Pearl planned one of America's most infamous stagecoach robberies, but not the getaway

According to The Courier of Prescott, Arizona, Pearl told a reporter later in life that while in Chicago, she was "good-looking, discouraged, and ready for anything that might come along." And chroniclers have truly taken advantage of the possibilities of the word "anything." As Pearl herself wrote it, she had a rough on-again, off-again relationship with her husband, with whom she tried to live a normal life of domesticity, but his violent behavior continued and they finally split.

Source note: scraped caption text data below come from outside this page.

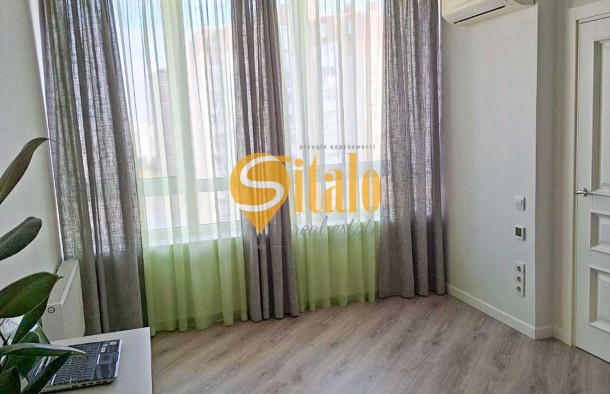 Продаж 2кім. квартири, Драгоманова, Позняки, фото 8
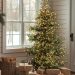 Best Cyber Monday Artificial Christmas Tree Deals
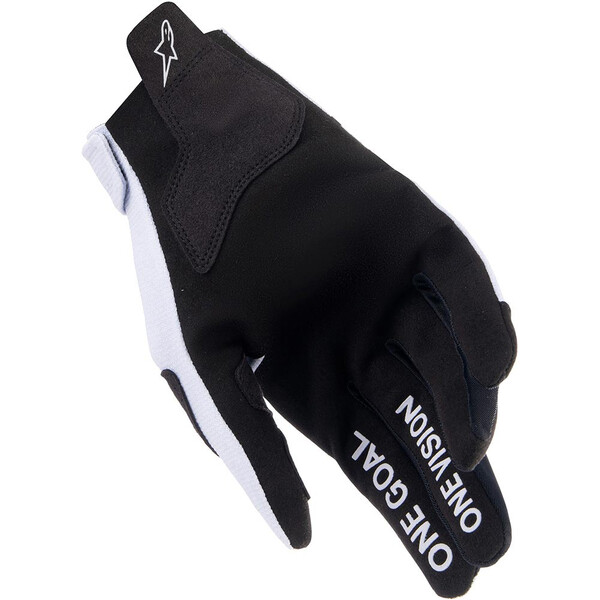 Gants enfant Youth Radar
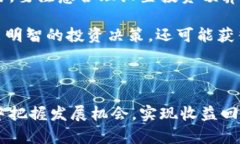 探索Tokenim与OKB：新兴加密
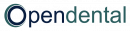 Company name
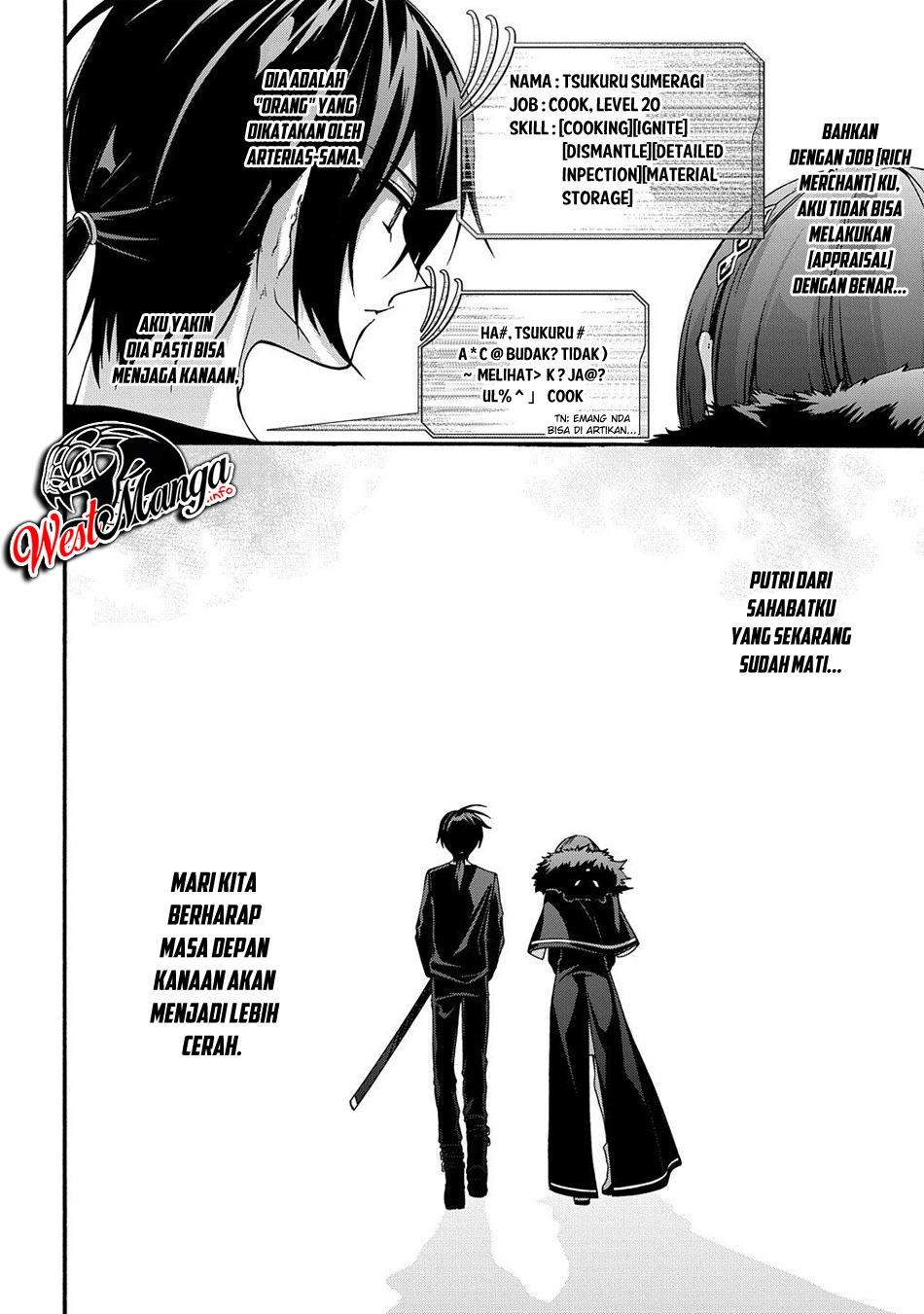 Chapter 5 - halaman 23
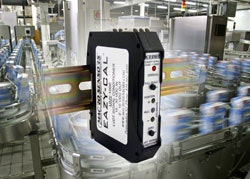 1663371852667 Cd1410eazycalsmacro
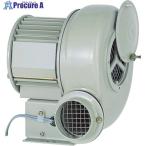 昭和 電動送風機 汎用シリーズ(0.025kW)  ▼138-4171 SF-38-L3A3  1台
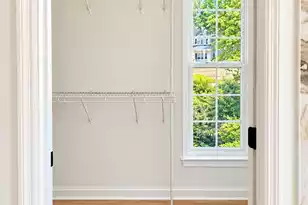 162 Hanahan Plantation Cir, Hanahan, SC 29410 - Photo 15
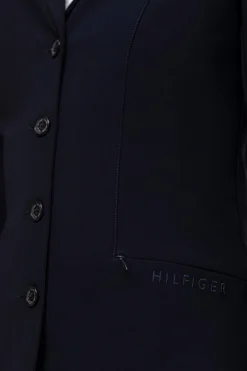 Clearance Tommy Hilfiger Equestrian Tribeca Women´s All-Year Show Jacket Women Show Clothing|Coats & Jackets
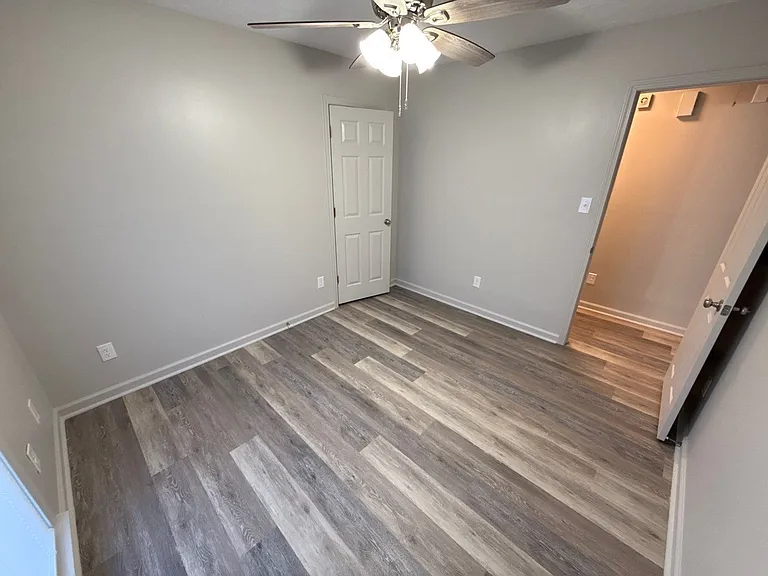 919 High Ln — Photo 13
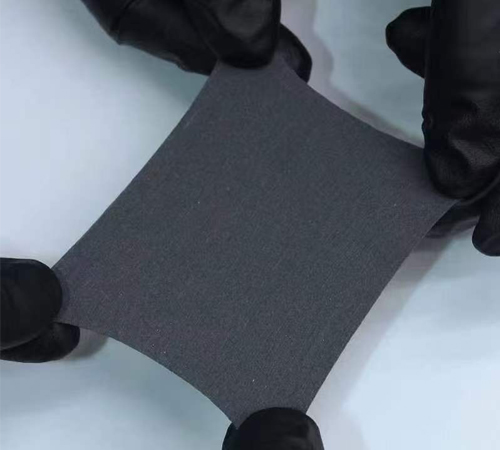 25W/m.k碳纤维导热垫片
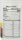 Natures Plus Source of Life Gold Energy Shake-442 g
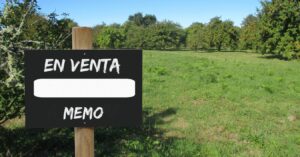 invertir terrenos peru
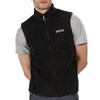 Tobias II Fleece Weste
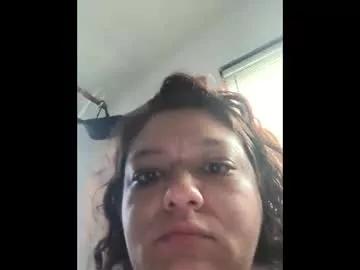rubyviolet27 from Chaturbate is Freechat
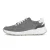 Nubuck en Nappa Leren Sneakers Gabor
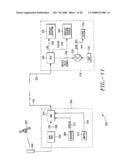 MULTI-HAZARD ALARM SYSTEM USING SELECTABLE POWER-LEVEL TRANSMISSION AND LOCALIZATION diagram and image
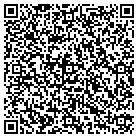 QR code with Sonjay International Fashions contacts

Others say that the life Pearl claimed to have lived wasn't as wholesome as she presented it once people were slathering for details about this brazen lady robber. Some say she worked in brothels until she found herself destitute in 1899, in desperate need of a quick financial solution. That's when she met Joe Boot, and the two hatched their half-baked scheme to pull off one of the last stagecoach robberies in American history

They pulled off the theft part well enough. They even returned $1 to each of their victims to get something to eat once they reached their destination. But the two didn't seem to have a good idea about that other integral part of any heist: the getaway. They figured they could just run off into the rugged terrain, sleeping in wild boars' dens until the heat on them simmered down. They were caught while sleeping a couple days later.

Pearl's failed stagecoach robbery made her an instant media sensation

Although people had seen sharpshooter Annie Oakley push the boundaries of what women were capable of in the Wild West, the idea of a female stagecoach robber sent the public reeling. Members of the national press flocked to Florence, where Hart was jailed, and while she was a poor thief, Pearl turned out to be an expert publicist. She was interviewed by Cosmopolitan magazine and posed for pictures like the one above. The public loved her. Her adoring fans sent her gifts and dubbed her "the Bandit Queen."

She busted out of her jail cell and was quickly apprehended again, but the stunt only endeared her more to her loving fan base. At her trial, she played the victim, claiming that she'd needed the money to go see her mother one last time before Mom died. She also decried her lack of suffrage as a woman: "I shall not consent to be tried under a law in which my sex had no voice in making." The tactic worked, and she and Boot got off.

But prosecutors arrested them again for tampering with the U.S. mail, and this time it stuck. Pearl only served 18 months of her five-year sentence after she claimed to be pregnant. No records of a child exist. Afterwards, she briefly appeared in the traveling show that inspired her to mosey out west in the first place, then quietly vanished from the history books.